-- Opening Marker --

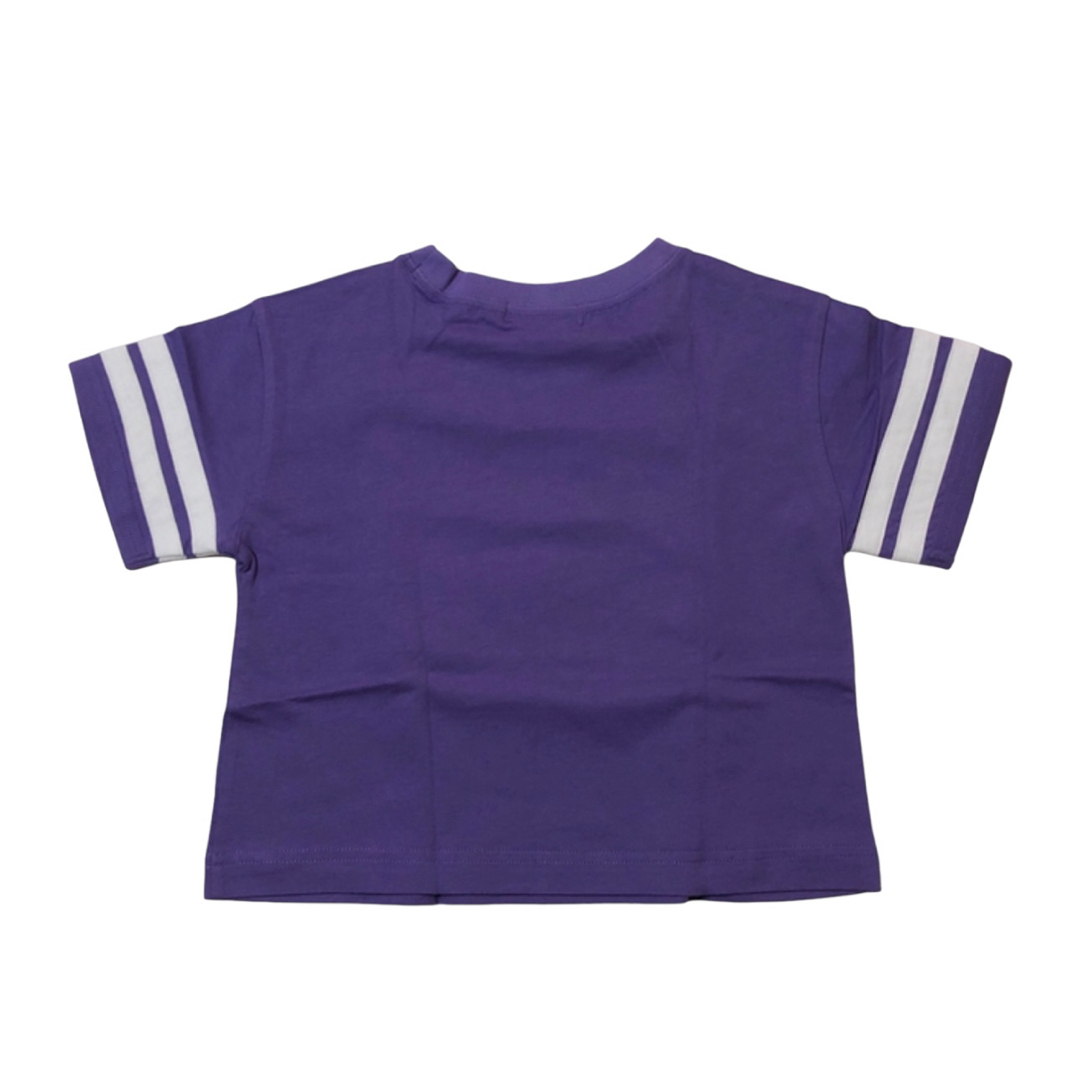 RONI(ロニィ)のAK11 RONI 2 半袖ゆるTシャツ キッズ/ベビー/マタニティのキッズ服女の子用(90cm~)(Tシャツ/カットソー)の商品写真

-- Closing Marker --
-- Opening Marker --

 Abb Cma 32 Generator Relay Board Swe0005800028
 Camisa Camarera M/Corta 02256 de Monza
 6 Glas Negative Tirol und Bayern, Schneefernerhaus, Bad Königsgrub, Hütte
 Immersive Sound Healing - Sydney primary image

-- Closing Marker --
-- Opening Marker --

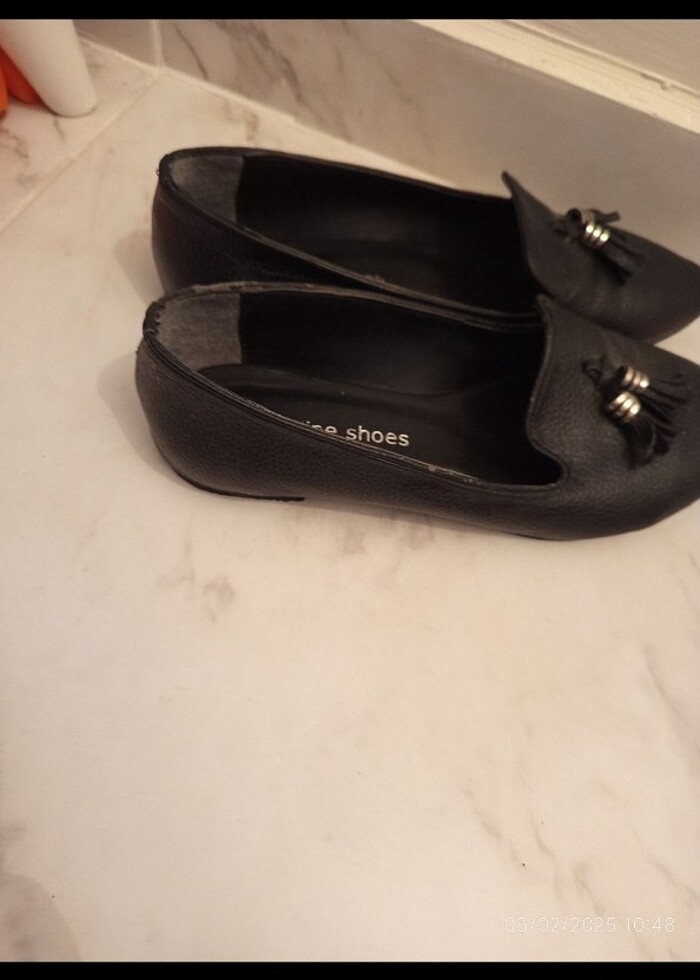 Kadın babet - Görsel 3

-- Closing Marker --

▶ **Assigned task**
Output exactly the lines of the material above from the one containing "Camisa Camarera M/Corta 02256 de Monza" up to and including the one containing "Immersive Sound Healing".

▶ **Written response**
 Camisa Camarera M/Corta 02256 de Monza
 6 Glas Negative Tirol und Bayern, Schneefernerhaus, Bad Königsgrub, Hütte
 Immersive Sound Healing - Sydney primary image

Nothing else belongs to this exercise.